▶ **ABOUT THIS EXERCISE**
All of the data should be copied exactly, with the pictures left out.

PROVIDED DATA: Begin

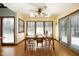 Light-filled dining room with a ceiling fan, hardwood floors and views to the outdoors at 9511 Collins Creek Dr, Chapel Hill, NC 27516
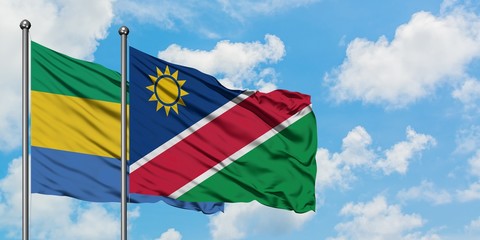 Gabon and Namibia flag waving in the wind against white cloudy blue sky together. Diplomacy concept, international relations.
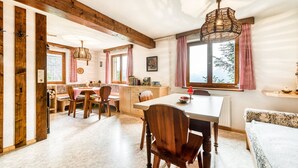 A cozy kitchen with wooden beams, a dining area with a table and chairs, and a window with curtains.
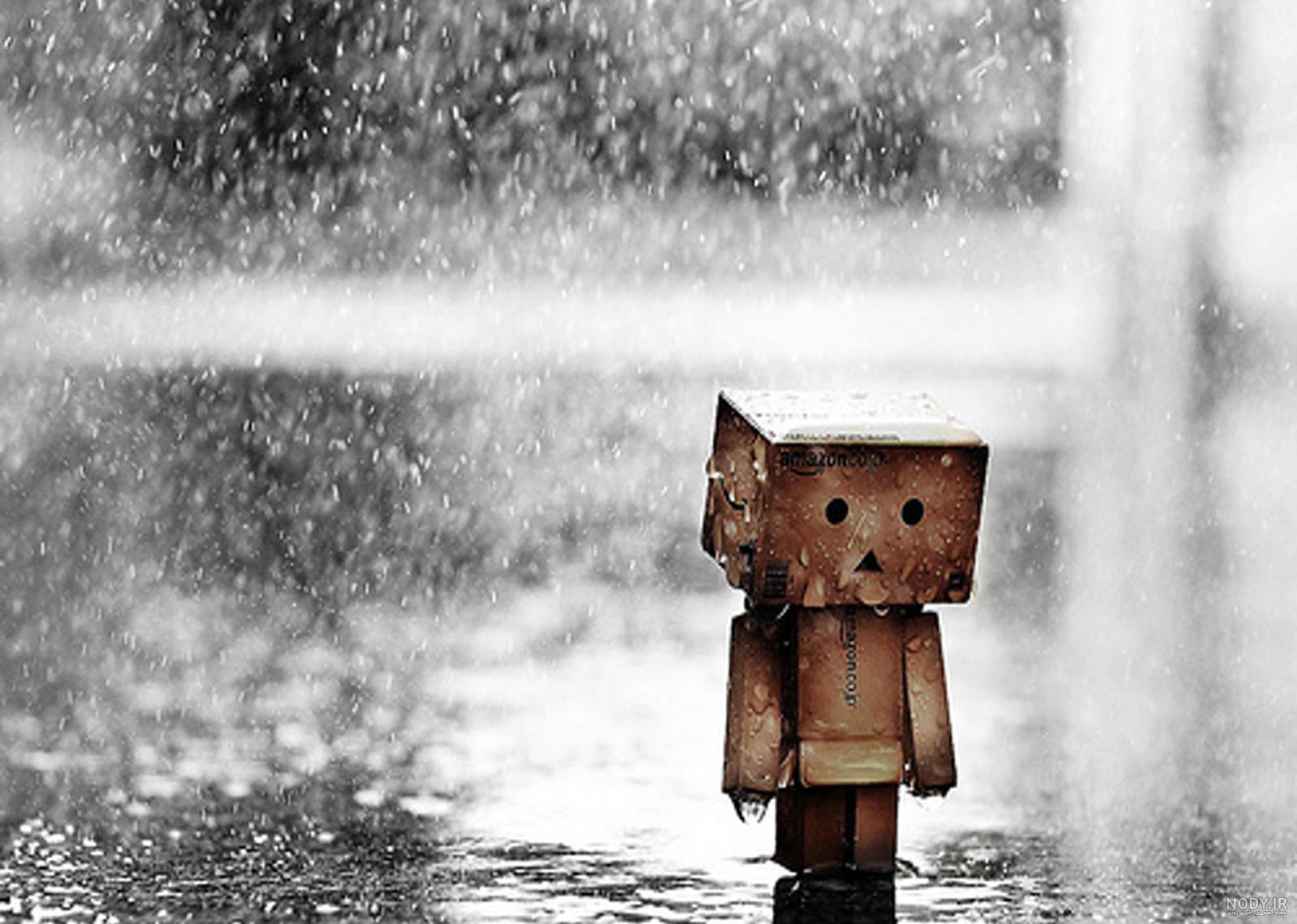 غمگین عکس دختر تنها در باران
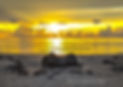 Half worn down sandcastle on the beach at sunrise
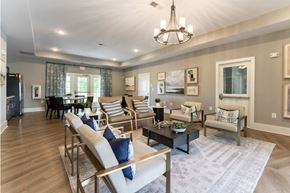 Greenville apartment for rent - A well-lit living room with a variety of seating options and a chandelier.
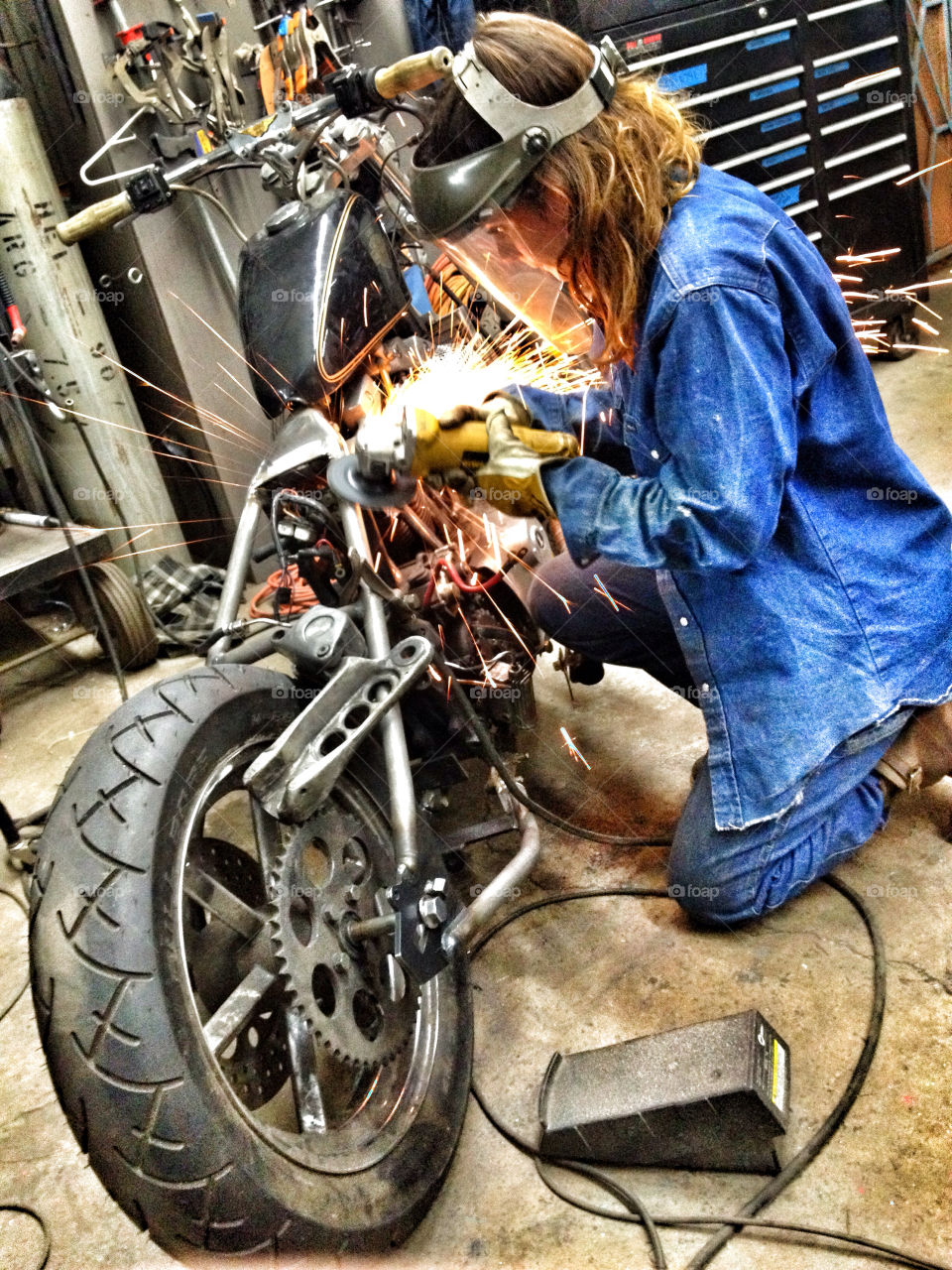 woman metal work motorcycle by shuttermonkey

PROVIDED DATA: End

▶ **ANSWER SPACE**
 Light-filled dining room with a ceiling fan, hardwood floors and views to the outdoors at 9511 Collins Creek Dr, Chapel Hill, NC 27516
 Gabon and Namibia flag waving in the wind against white cloudy blue sky together. Diplomacy concept, international relations.
 A cozy kitchen with wooden beams, a dining area with a table and chairs, and a window with curtains.
 غمگین عکس دختر تنها در باران
 Half worn down sandcastle on the beach at sunrise
 Greenville apartment for rent - A well-lit living room with a variety of seating options and a chandelier.
 woman metal work motorcycle by shuttermonkey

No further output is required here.